» **Material for this task**
----------------

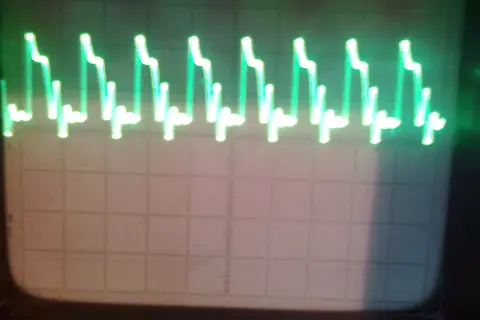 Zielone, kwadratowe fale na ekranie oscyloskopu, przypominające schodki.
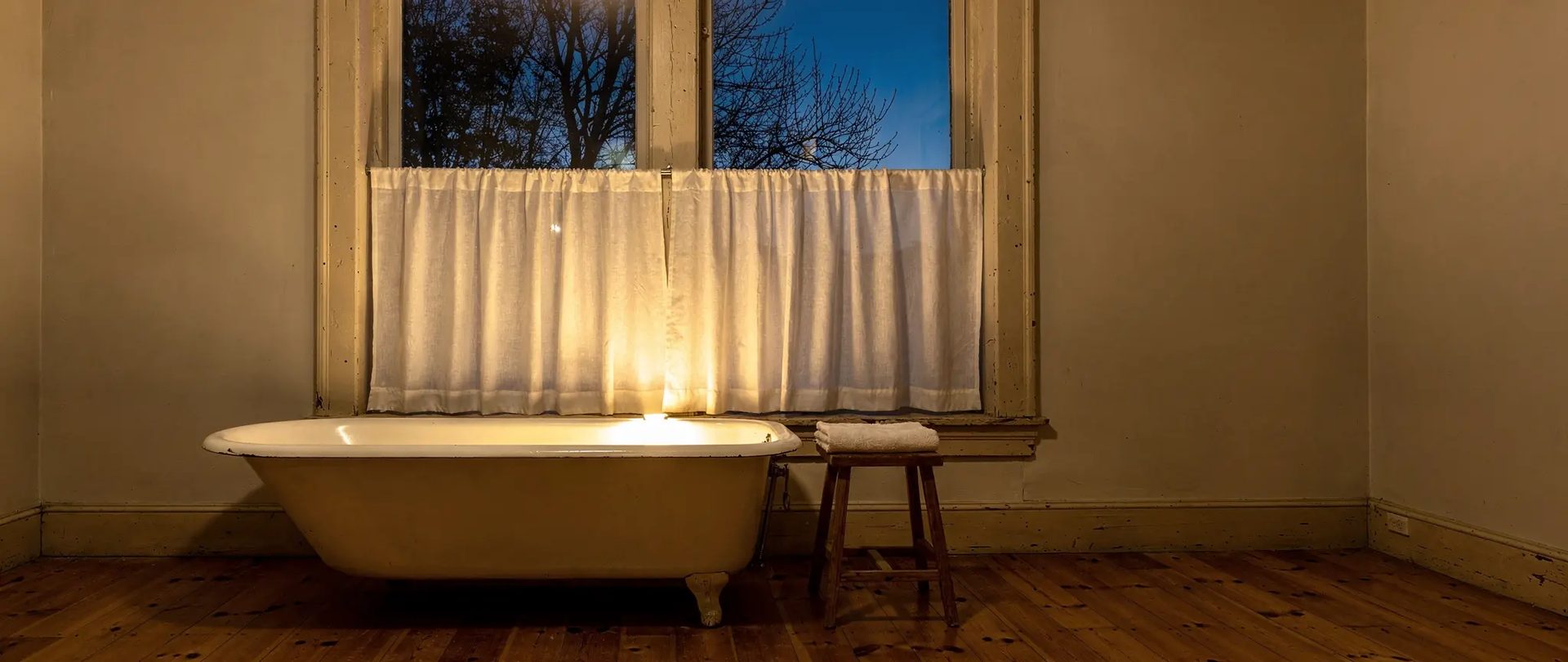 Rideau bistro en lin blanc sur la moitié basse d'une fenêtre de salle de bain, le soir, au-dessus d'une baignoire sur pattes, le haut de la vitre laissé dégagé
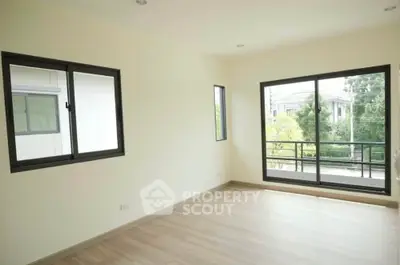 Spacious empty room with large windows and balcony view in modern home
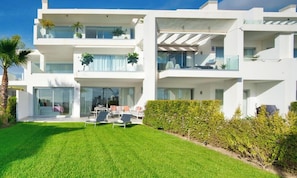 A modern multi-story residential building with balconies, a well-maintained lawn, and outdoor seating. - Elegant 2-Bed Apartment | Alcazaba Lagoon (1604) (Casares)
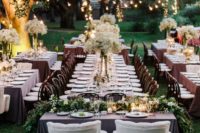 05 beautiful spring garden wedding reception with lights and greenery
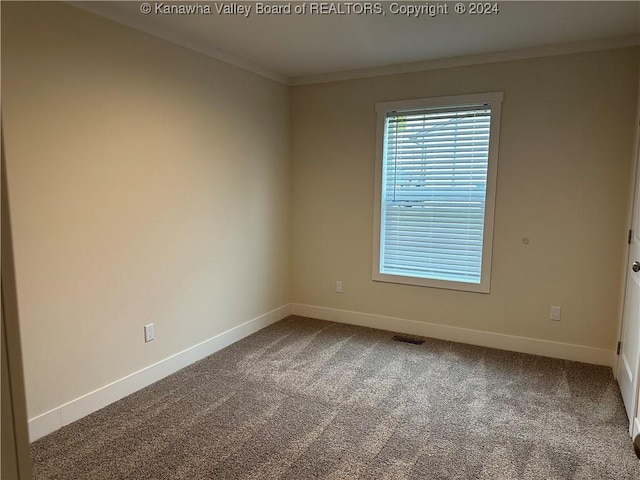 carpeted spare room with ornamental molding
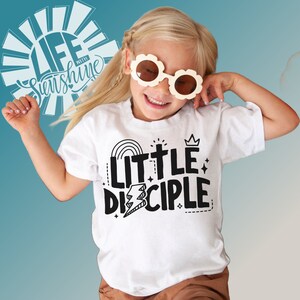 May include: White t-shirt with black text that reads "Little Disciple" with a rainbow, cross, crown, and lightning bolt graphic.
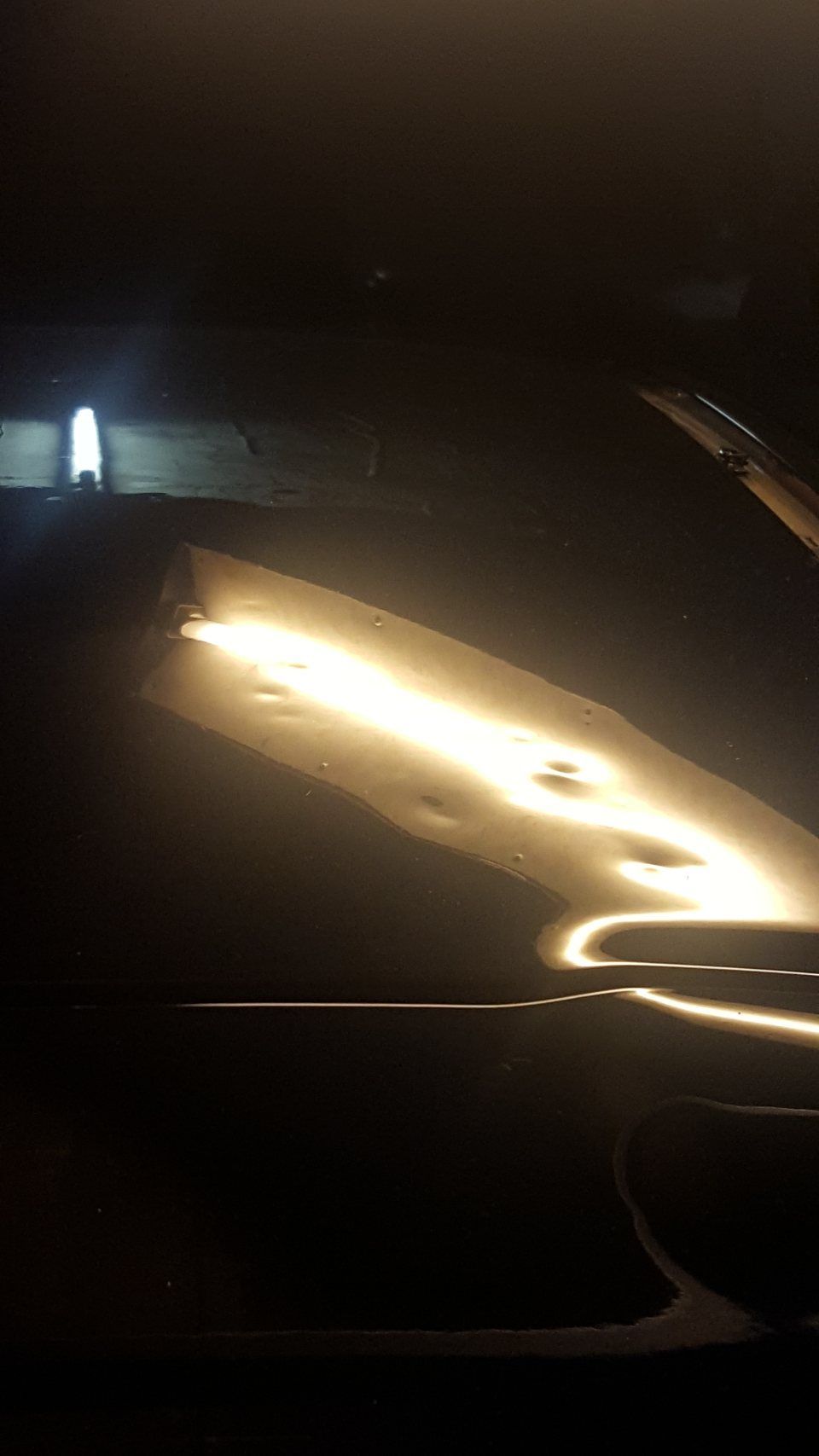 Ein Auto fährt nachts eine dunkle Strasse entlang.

----------------

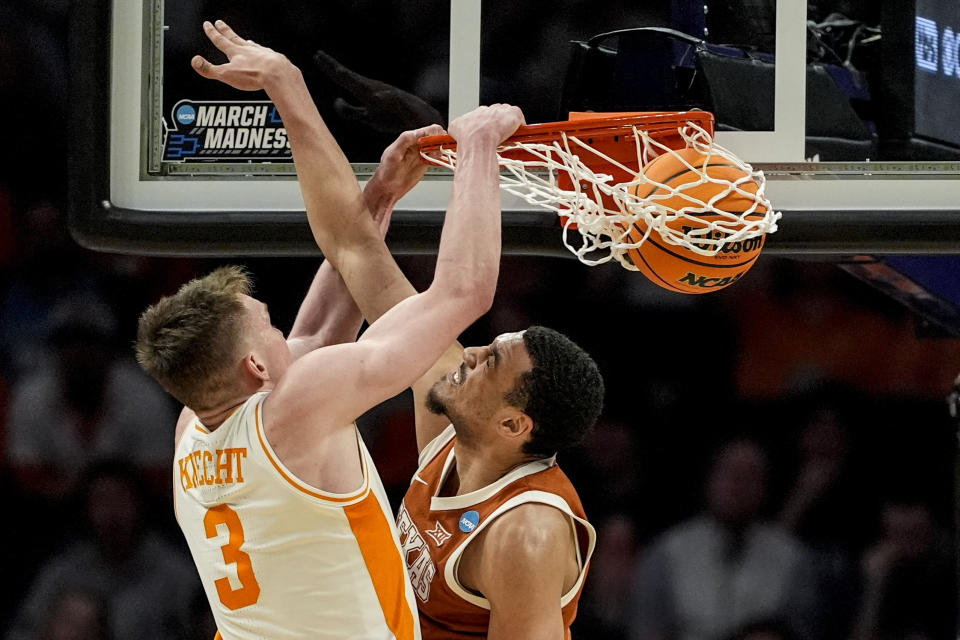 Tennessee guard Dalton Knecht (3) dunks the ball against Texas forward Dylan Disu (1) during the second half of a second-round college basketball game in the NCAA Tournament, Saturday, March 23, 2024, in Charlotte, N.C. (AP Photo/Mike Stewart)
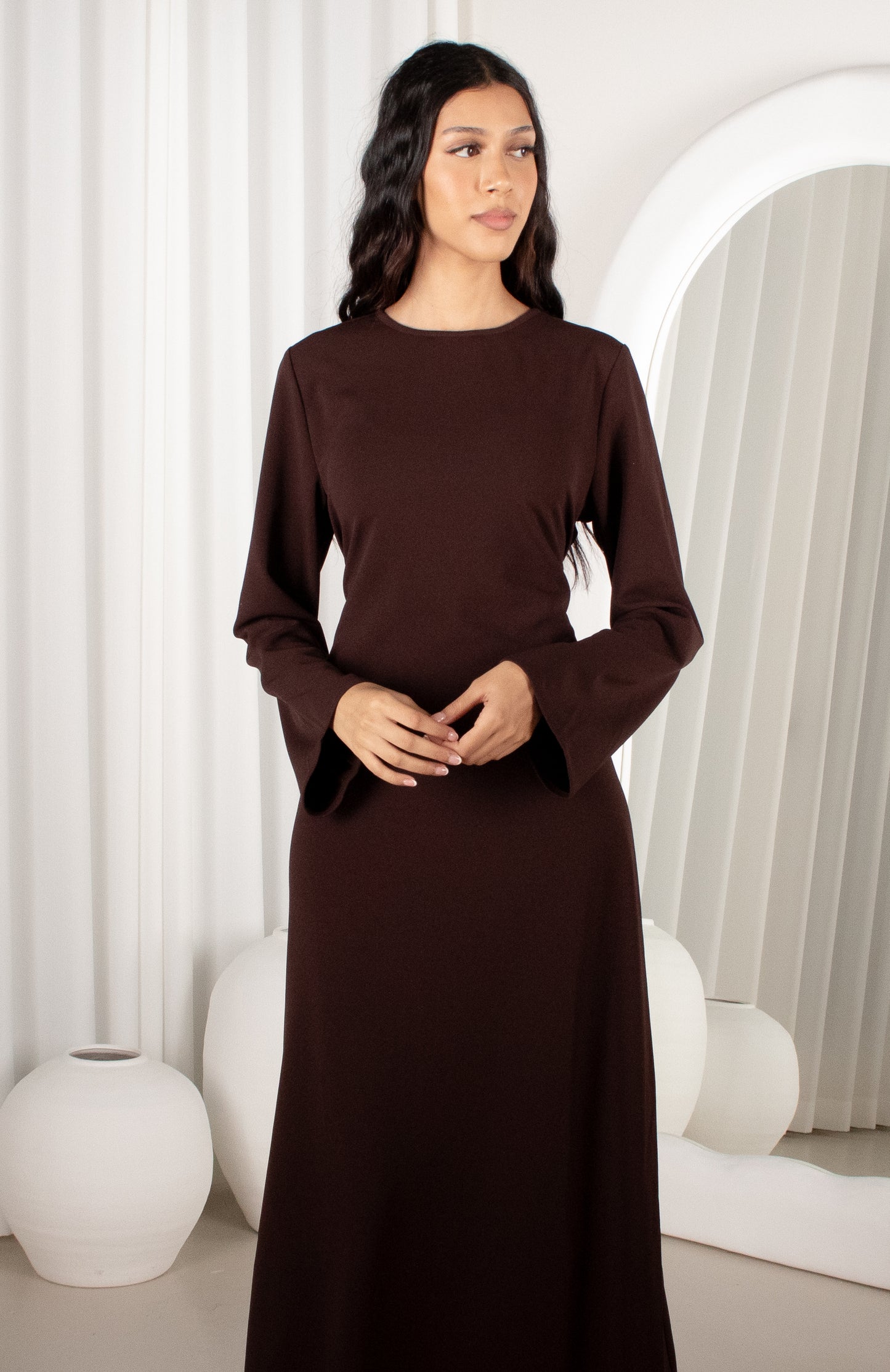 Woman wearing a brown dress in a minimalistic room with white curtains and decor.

----------------

» **To do**
From the listing above, restate verbatim the lines running from the one with "Rideau bistro en" through the one with "Ein Auto fährt", inclusive, but not the pictures.

» **Solution for this problem**
 Rideau bistro en lin blanc sur la moitié basse d'une fenêtre de salle de bain, le soir, au-dessus d'une baignoire sur pattes, le haut de la vitre laissé dégagé
 Spacious empty room with large windows and balcony view in modern home
 A modern multi-story residential building with balconies, a well-maintained lawn, and outdoor seating. - Elegant 2-Bed Apartment | Alcazaba Lagoon (1604) (Casares)
 05 beautiful spring garden wedding reception with lights and greenery
 carpeted spare room with ornamental molding
 May include: White t-shirt with black text that reads "Little Disciple" with a rainbow, cross, crown, and lightning bolt graphic.
 Ein Auto fährt nachts eine dunkle Strasse entlang.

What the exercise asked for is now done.